* INSTRUCTIONS FOR THE TASK
Without including any images, repeat the listing below exactly.

* GIVEN INFORMATION
# # # #

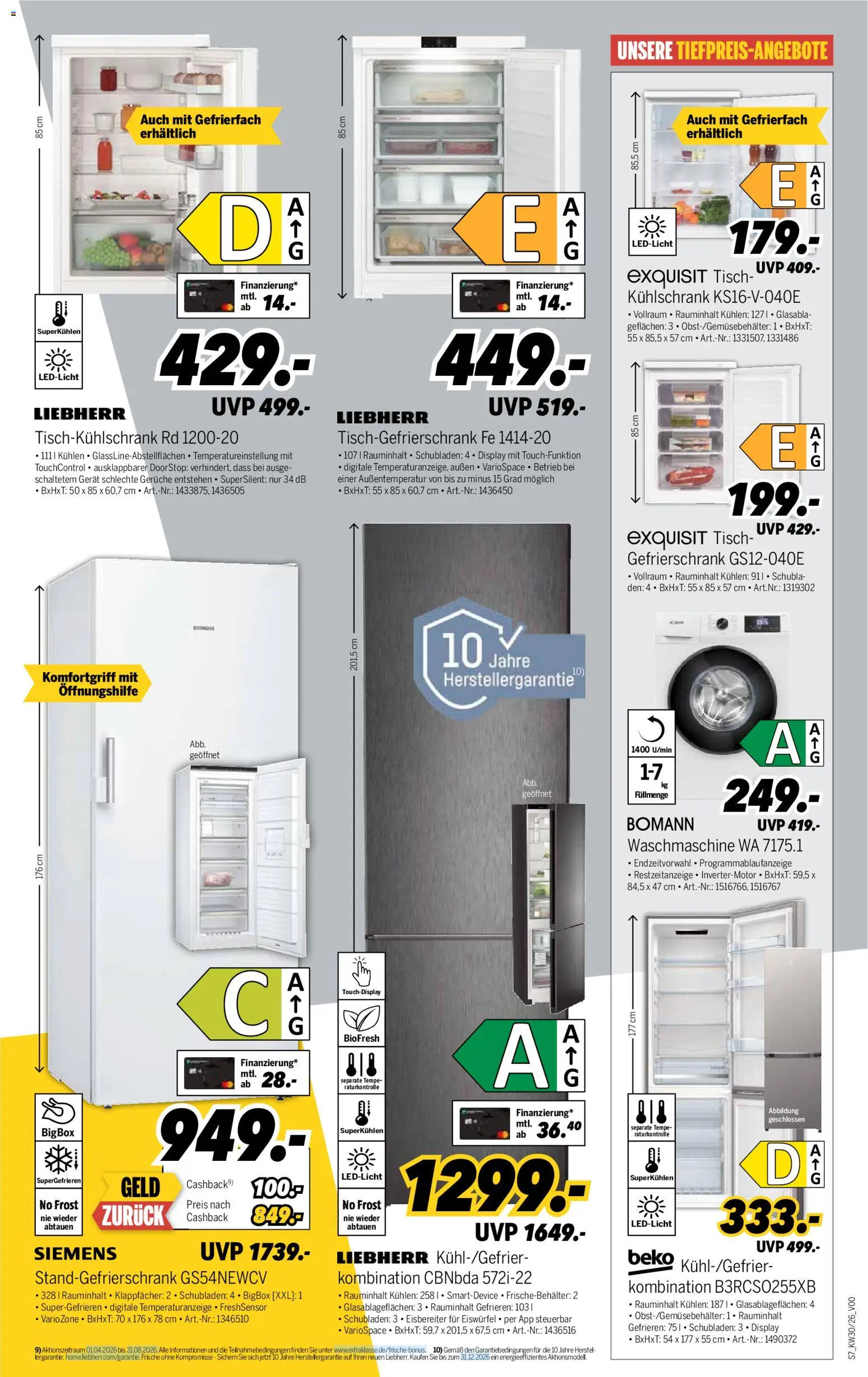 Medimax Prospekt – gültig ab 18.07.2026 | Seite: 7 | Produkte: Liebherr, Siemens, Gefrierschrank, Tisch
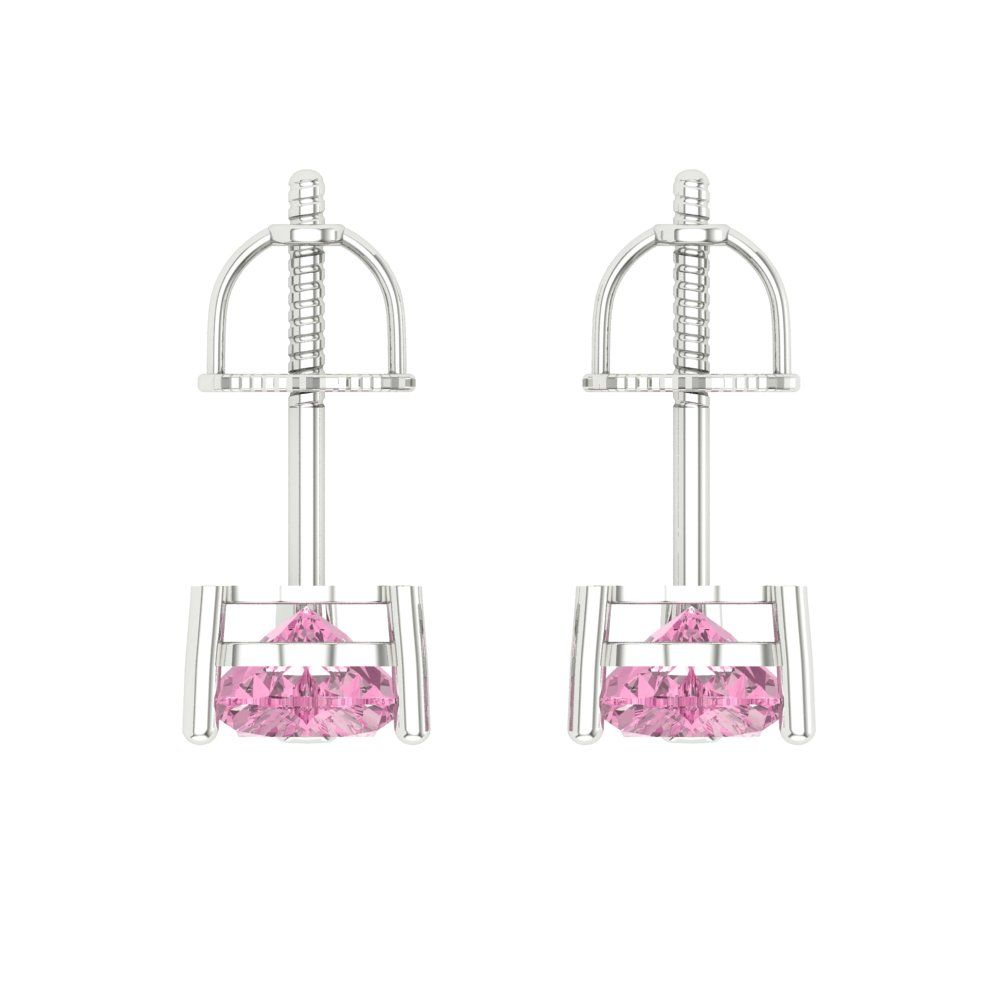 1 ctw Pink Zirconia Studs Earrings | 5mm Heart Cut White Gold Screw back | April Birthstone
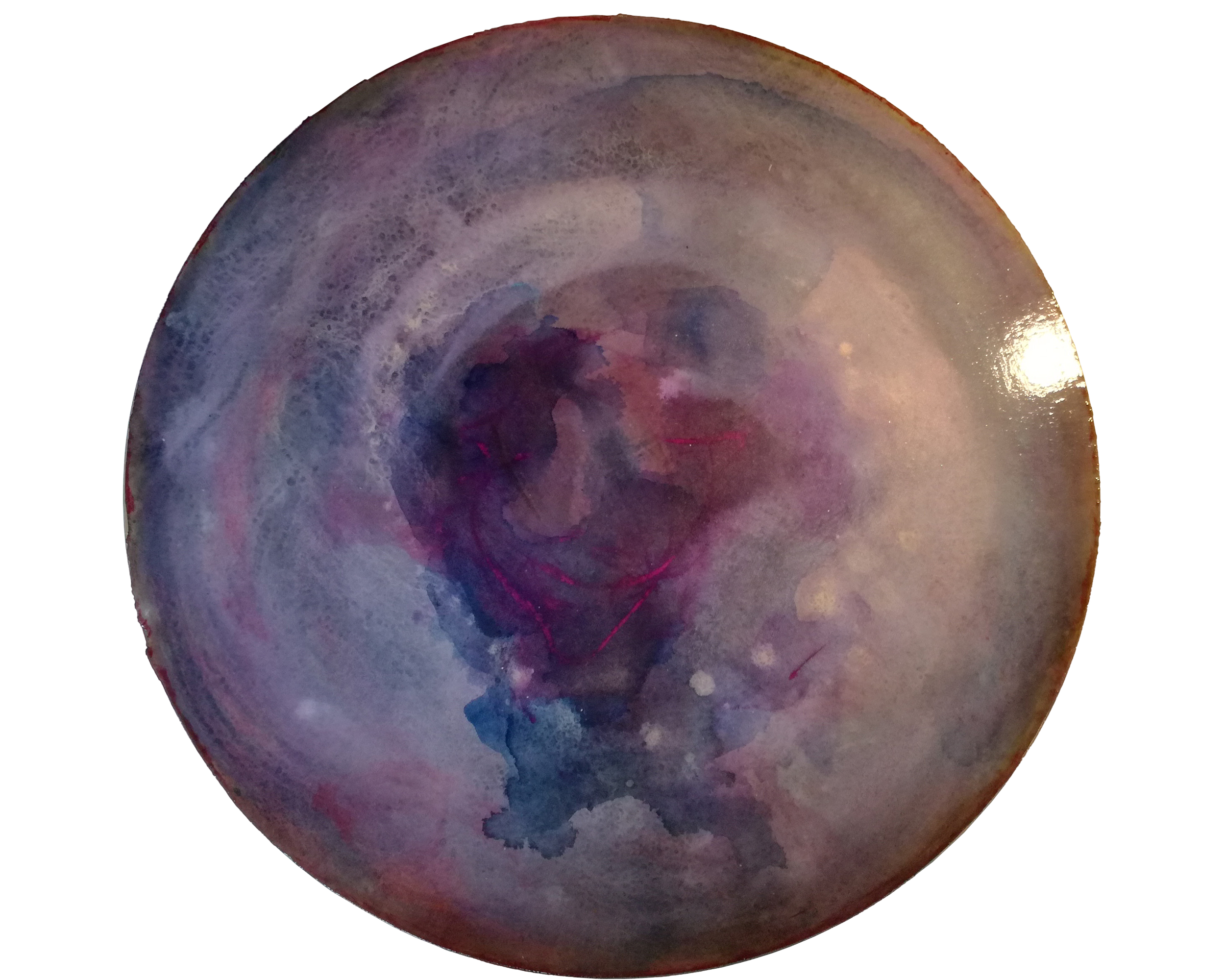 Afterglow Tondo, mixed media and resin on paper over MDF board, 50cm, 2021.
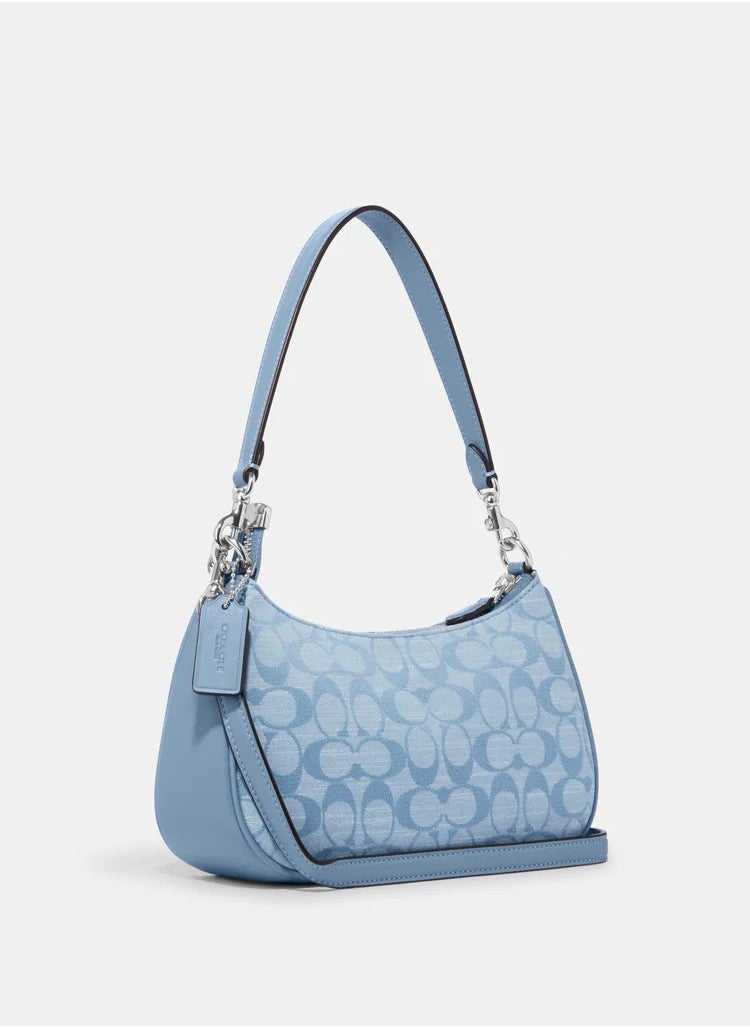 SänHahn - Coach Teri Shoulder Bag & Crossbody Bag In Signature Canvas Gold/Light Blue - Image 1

# # # #

* ANSWER BOX
 Medimax Prospekt – gültig ab 18.07.2026 | Seite: 7 | Produkte: Liebherr, Siemens, Gefrierschrank, Tisch
 1 ctw Pink Zirconia Studs Earrings | 5mm Heart Cut White Gold Screw back | April Birthstone
 Afterglow Tondo, mixed media and resin on paper over MDF board, 50cm, 2021.
 SänHahn - Coach Teri Shoulder Bag & Crossbody Bag In Signature Canvas Gold/Light Blue - Image 1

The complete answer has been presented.